French fries and onion rings, nature’s deep fried booty. If America ever takes a breath and pries its collective kisser out of that bag of Mickey-D’s fries it just might discover the next great alternative energy source. Bubbling away in restaurant deep-fryers everywhere (there are 935,000 restaurants in America) grease is our new best friend. Envision a scene in the not-to-distant-future, your pulmonary arteries have just closed down from consuming your 147,000th bag of Biggie Fries. The ambulance rushing you to the Emergency Room is running on low cost, low emissions, Brown Gold, better known as biodiesel.
In NYC there’s a new company called Tri-State Biodiesel being operated out of an East Village walk-up. Tri-State is collecting the cooking grease from over 20,000 New York City restaurants and businesses like Whole Foods, then taking it to a rendering plant, and finally selling the resulting biodiesel back to fuel-hungry diesel drivers. In Philadelphia it’s Philadelphia Fry-O-Diesel. Soybean oil may be the ingrediant of choice in biodiesel but fry grease is much sexier. Eliminate a waste product and create low emissions bio-fuel while expanding America’s waistline…what’s not to like? Biodiesel produces 75% less carbon dioxide, is four times more biodegradable than diesel and shows a 50% reduction in particulate matter at the tailpipe. I love that kind of talk. It does however create 10% more nitrogen oxide than traditional diesel fuel, which makes it a touch smoggish.
There is no question that commercial biodiesel production is booming. In 2006 production was expected to come in at 200 -250 million gallons, up dramatically from the previous year, according to the National Biodiesel Board.
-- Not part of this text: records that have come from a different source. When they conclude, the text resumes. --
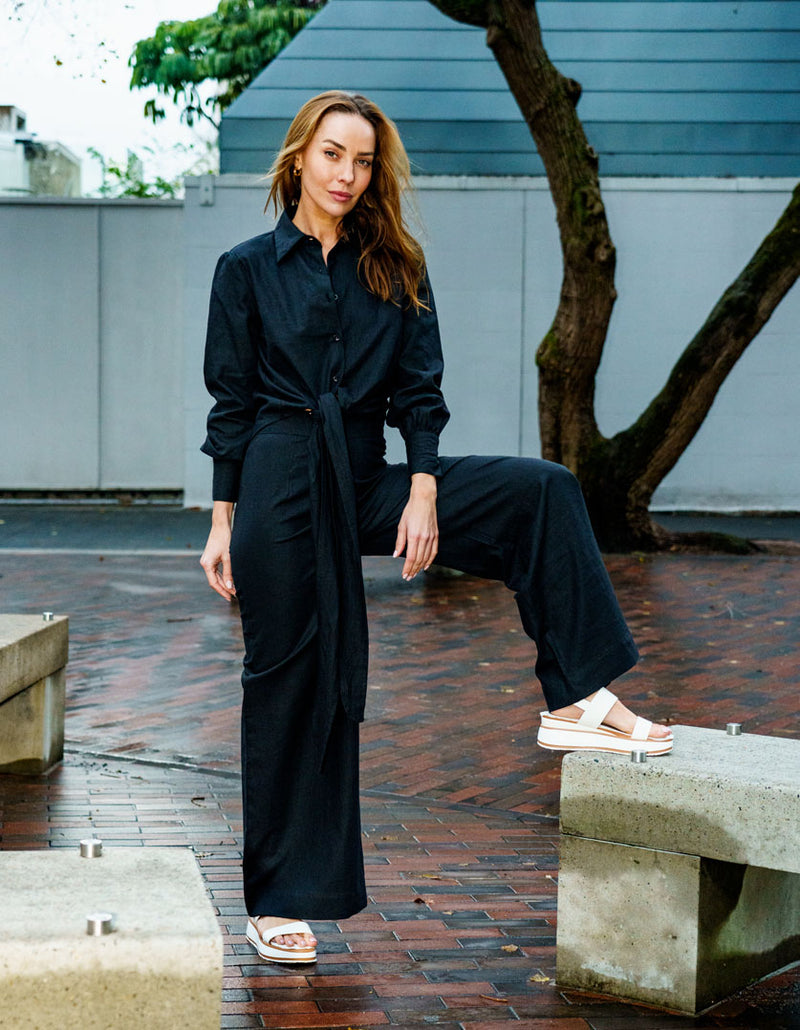 Woman wearing a black DEVOI Susie shirt in linen with a long wrap tie at the waist. Front view outside.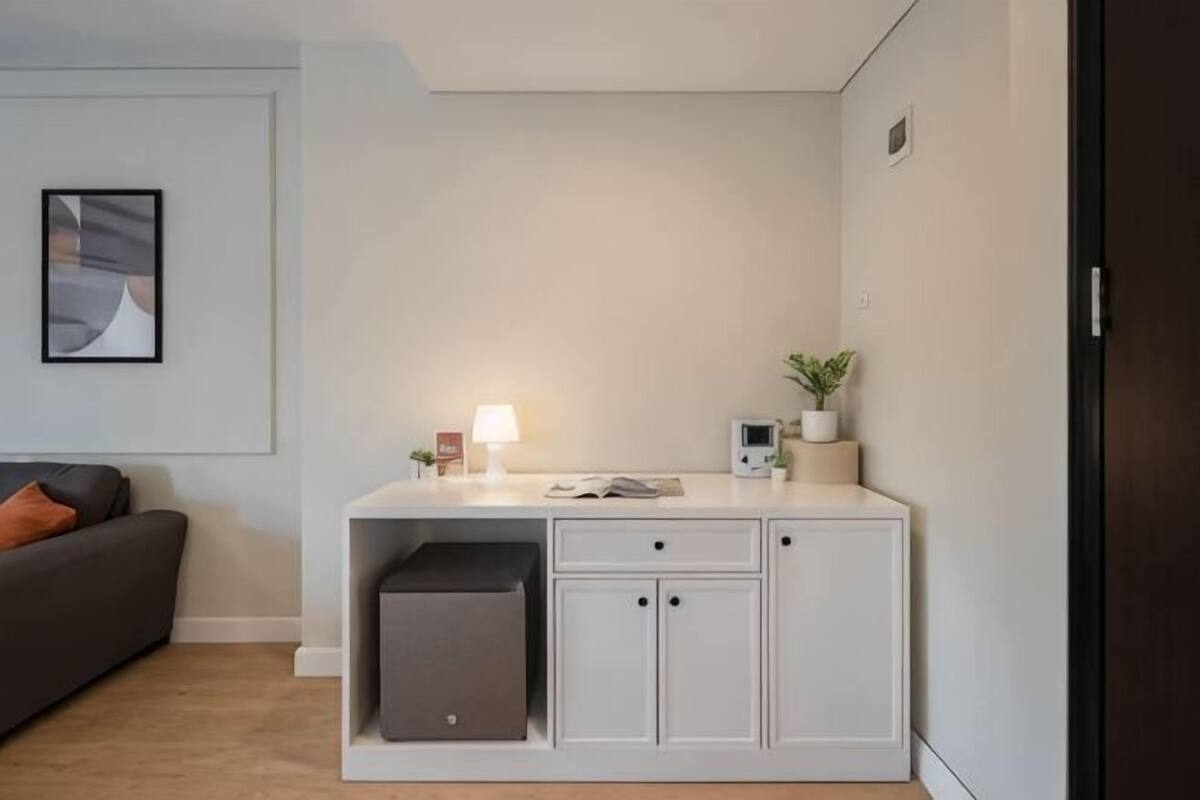 Une pièce moderne avec un canapé gris, un bureau blanc avec une lampe, une petite plante et une porte sombre.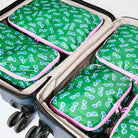 Our Sunglasses Packing Cubes, a set of five zip-up packing cubes in different sizes, in green with a scattered print of blue-lensed, white-framed sunglasses, with pink zips and pink carry handles.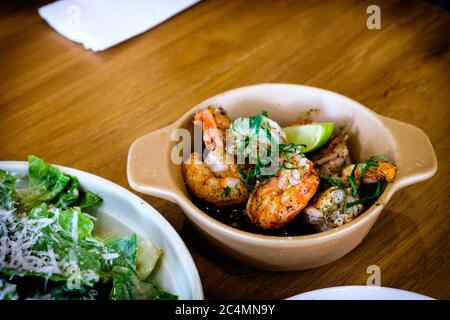 Gambas al Adillo fraîchement grillé, pinchos de crevettes au piment et à l'ail, servis sur une table en bois Banque D'Images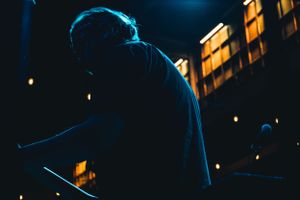 A silhouetted performer on stage illuminated by blue lighting with glowing windows visible in the background.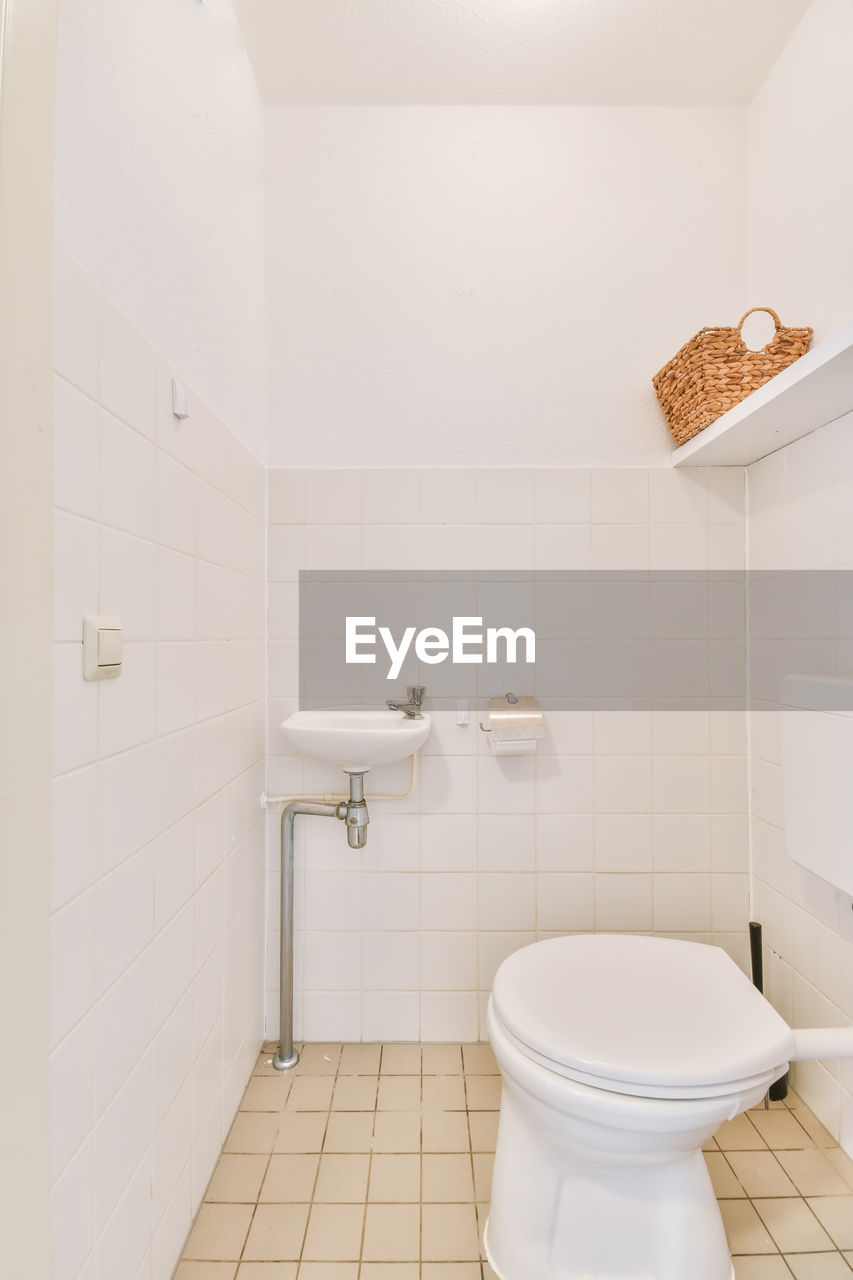 Close-up of toilet bowl in bathroom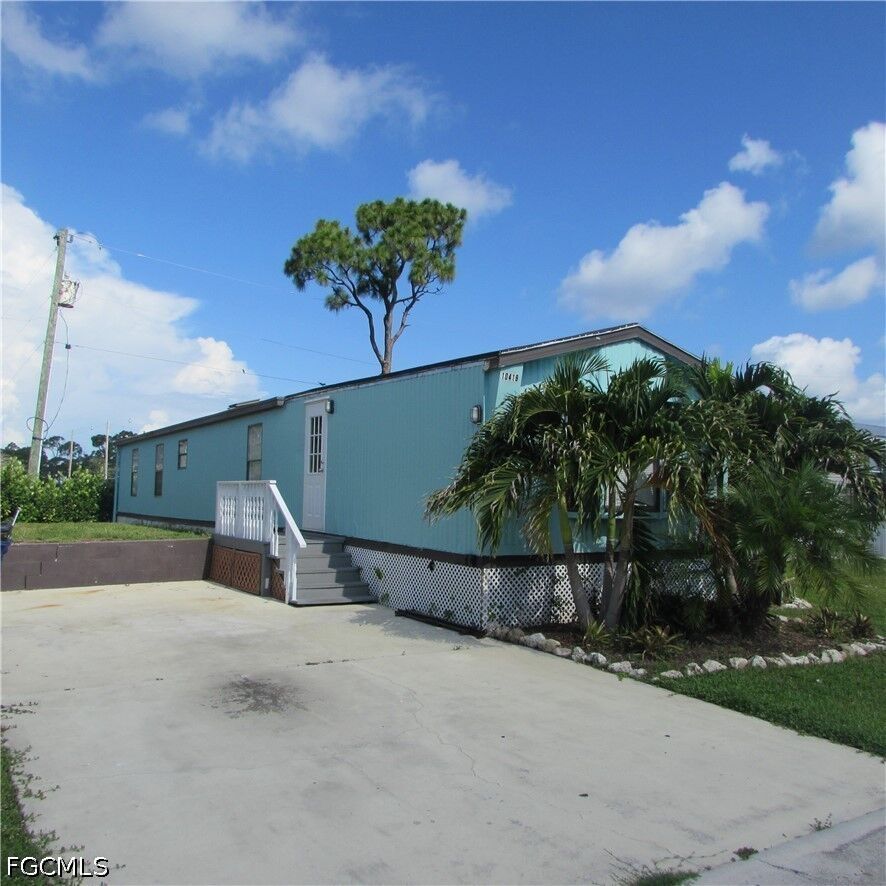 Property Photo:  10419 Trotwood Avenue  FL 33956 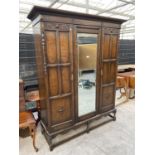 AN EARLY 20TH CENTURY OAK JACOBEAN STYLE THREE DOOR WARDROBE WITH CENTRAL MIRROR, ON TURNED OPEN
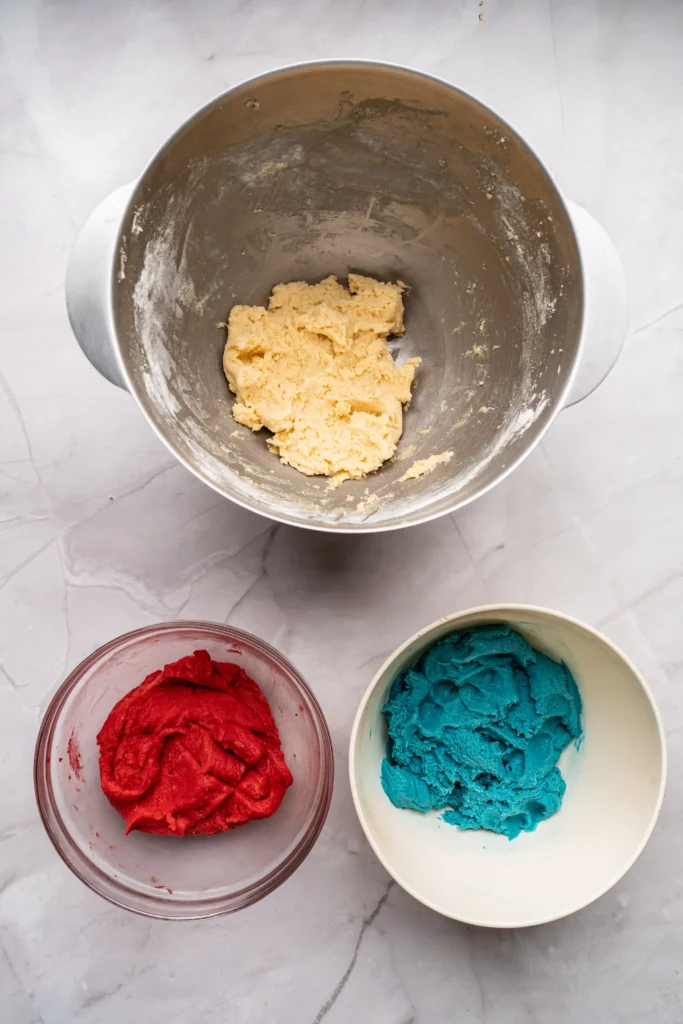 Top-down view of a metal mixing bowl with pale dough, surrounded by bowls of red and turquoise dough on a light marble counter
One downer is that waste vegetable oil, fry grease and other animal fat resources are estimated to be able to sustain production of only around 1 billion gallons of biodiesel per year, or less than 3% of current diesel use. Widespread implementation of biodiesel would require growing crops such as soybeans specifically for the biodiesel industry — potentially creating another opportunity for giant agri-businesses to swallow up more land and experiment with bio-engineered crop strains and maximum-yield-farming practices, but that’s the way the economy works…. and all I really wanted was some biodiesel with those Biggie-fries.


























Hi, good report here.
This was intriguing so I thought I’d pass it along to your readers, re biodiesel, etc. in Massachusetts.
http://biz.yahoo.com/iw/070122/0205785.html
Thanks for the link. The Rivera Process looks very promising.